RuntimeError: The connection pool was closed while 65 HTTP requests/responses were still in-flight.
this is most likely not related to local network issues as it is reproducible across different networks. when using a local orion server instead, the flow succeeds without any issues and a couple of days ago, the flow ran successfully on prefect cloud. I am submitting ~100 parallel tasks using the RayTaskRunner with a local cluster. Any help is much appreciated. python 3.8.10 prefect 2.4.5 prefect-ray 0.2.0.post2

Toby Rahloff

10/04/2022, 4:16 PM
Also reproducible with Prefect-Dask but I also get a slightly different error trace: (HTTP 500 from Prefect Cloud API)
prefect.exceptions.PrefectHTTPStatusError: Server error '500 Internal Server Error' for url '<>'
Response: {'exception_message': 'Internal Server Error'}
For more information check: <>
2022-10-04 18:13:47,715 - distributed.nanny - ERROR - Worker process died unexpectedly
2022-10-04 18:13:47,715 - distributed.nanny - ERROR - Worker process died unexpectedly
❯ prefect version
Version:             2.4.5
API version:         0.8.1
Python version:      3.8.10
Git commit:          dbe27317
Built:               Thu, Sep 29, 2022 3:05 PM
OS/Arch:             linux/x86_64
Profile:             dev
Server type:         cloud
@Jeff Hale could that be connected to the database upgrades that were rolled out w/ 2.4.2?
🤔 1
[Prefect 2.0 Cloud] Quick update on the "*Internal Server Error when creating TaskRuns*" (HTTP500): It seems like the error always happens when creating more than ~100 task-runs in parallel. Introducing a back-off/delay of over 3 seconds between two task-submits seems to mitigate the issue. Any delay under 3 seconds reproduces the error. This behavior was not encountered 12 days ago with prefect 2.4.1 and API version 0.8.0. Did something happen in the API 0.8.1 release? Is there a public changelog available? Unfortunately, this currently blocks us 100% because our production workflows rely on fan-out patterns that start around 500 parallel tasks simultaneously.
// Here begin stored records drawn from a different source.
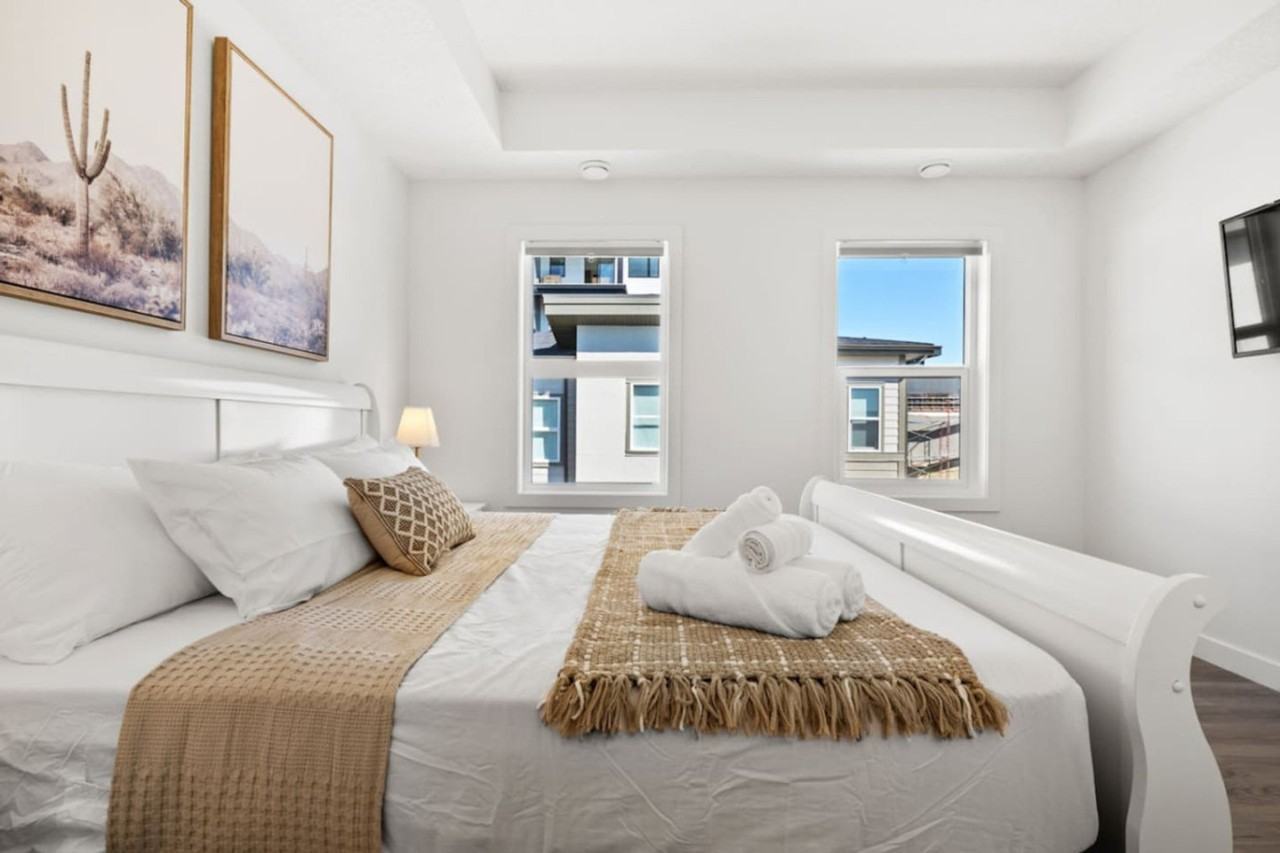 2117 81 Street SW #1314525P - Photo 4 of 39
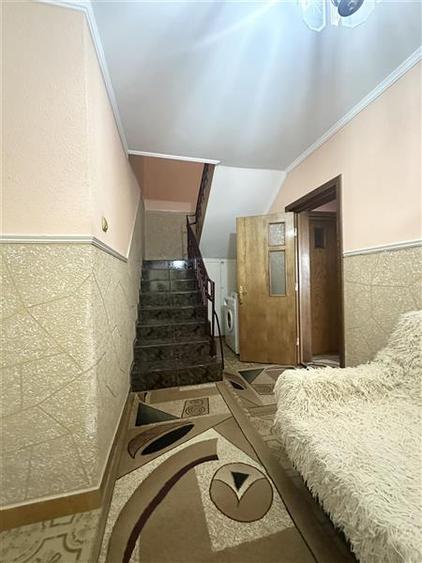 Casa din Caramida S+P+1E, 10 camere, Faleza Nord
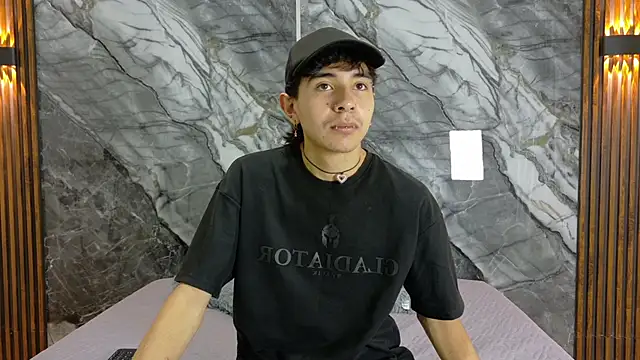 NoahWalker   online show from 05/08/26, 11:04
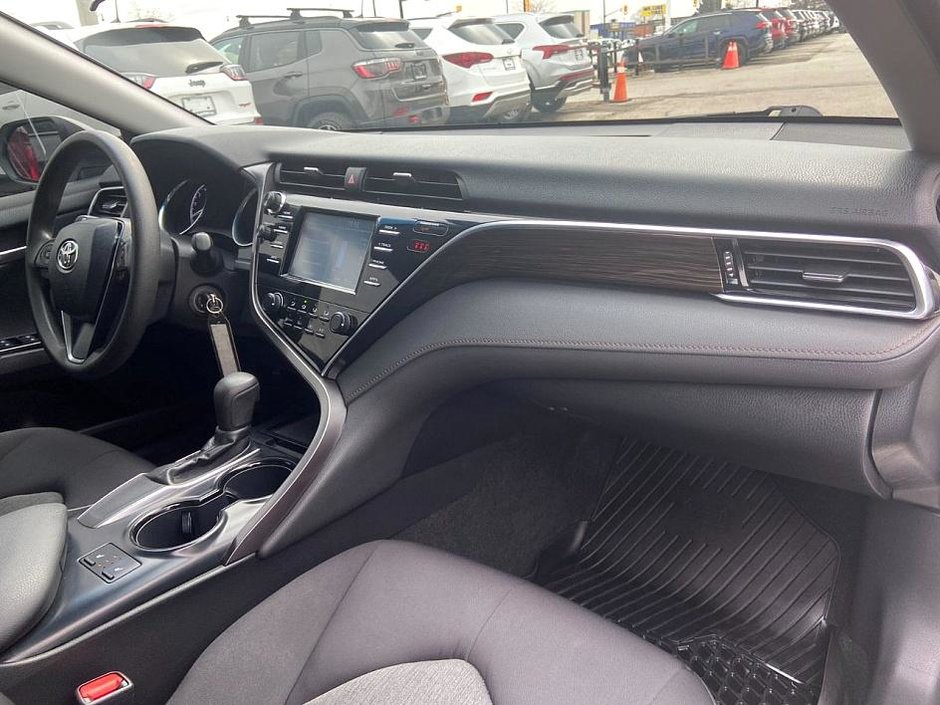 2018 Toyota Camry LE-15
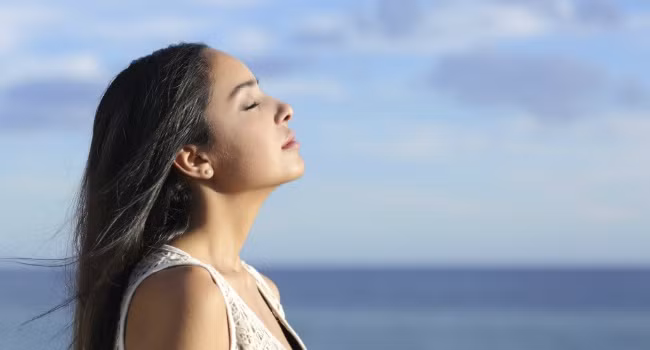 Tuy nhiên bạn có thể kiểm soát căng thẳng chỉ bằng cách hít thở: hãy hít vào trong bốn giây, giữ trong bốn giây và thở ra trong bốn giây.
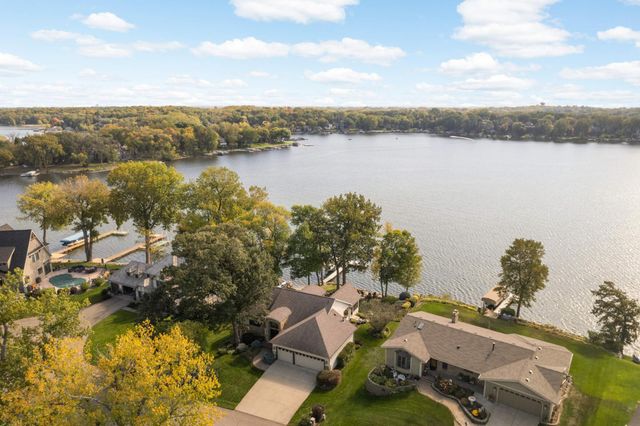 3857 Island View Circle NW, Prior Lake, MN 55372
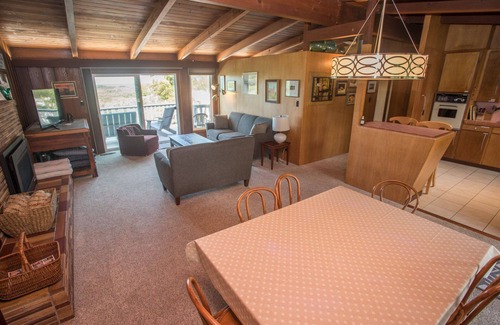 Cleone House | Unforgettable Stay at The Fish House - Walk to Beach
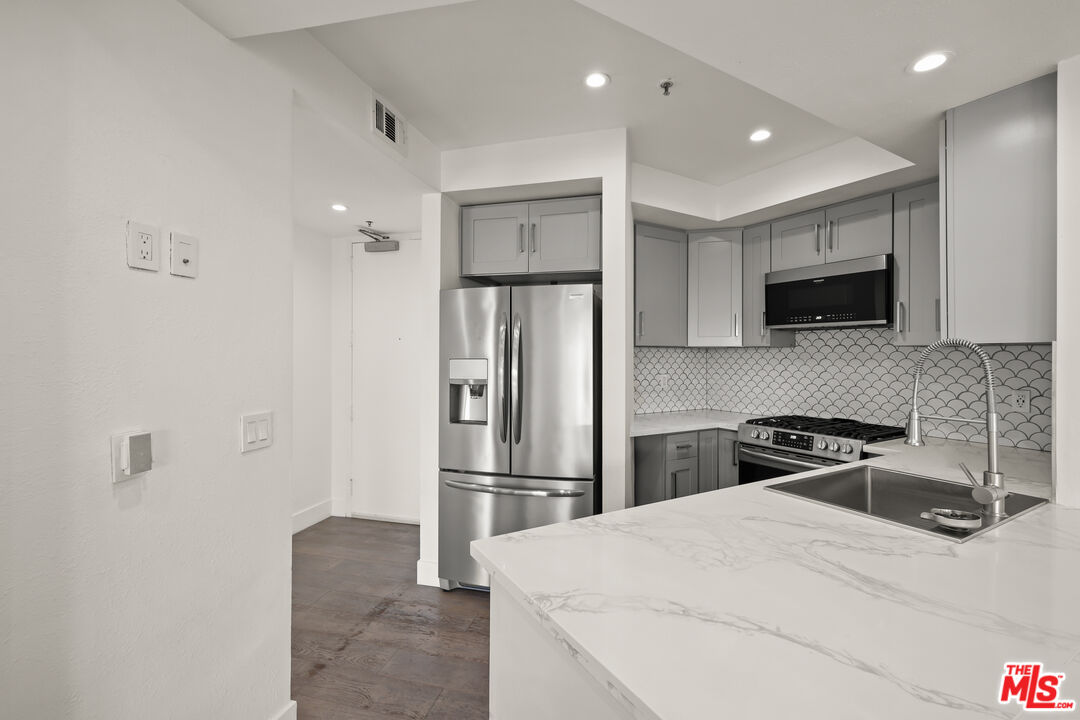 255 Main St Unit: 204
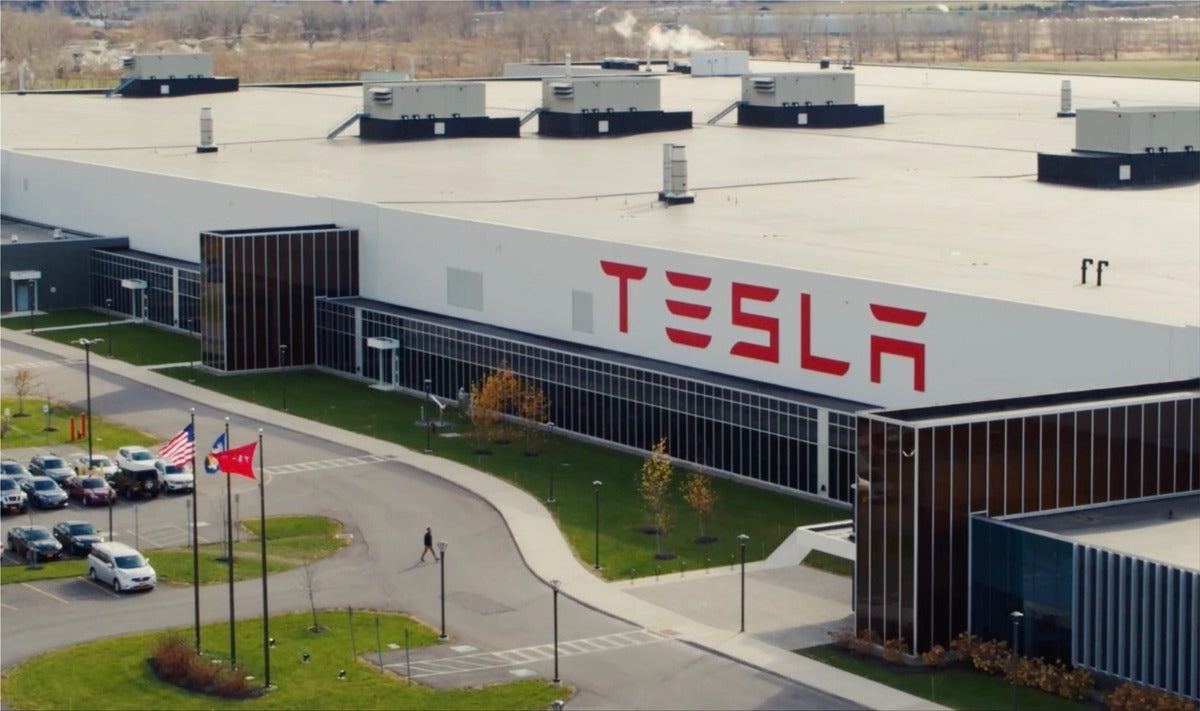 Tesla Is Urged to Build UK Gigafactory as Part of Manufacturer's Planned Expansion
Is there any workaround? Any hint or help is highly appreciated.
A different error message sometimes pops up with the same code: "httpx.RemoteProtocolError: Server disconnected without sending a response."

Zach Angell

10/05/2022, 1:09 PM
Hey @Toby Rahloff, sorry to hear you’re running into issues. We’re looking into this on our side. Would you be able to share any of the following? • account id • workspace id • example flow run id that failed • example request url that failed (the full url you redacted above) Feel free to DM if you’d like to keep it private

Toby Rahloff

10/05/2022, 1:55 PM
Hi Zach, thanks a lot for the immediate follow-up 🙌 Will ping you the information via DM and we can update this thread once we found the solution

Faheem Khan

10/05/2022, 11:33 PM
@Toby Rahloff got the same issue with all prefect >2.04. I am using Dask task runner. I am still using prefect 2.04 until the issue is fixed.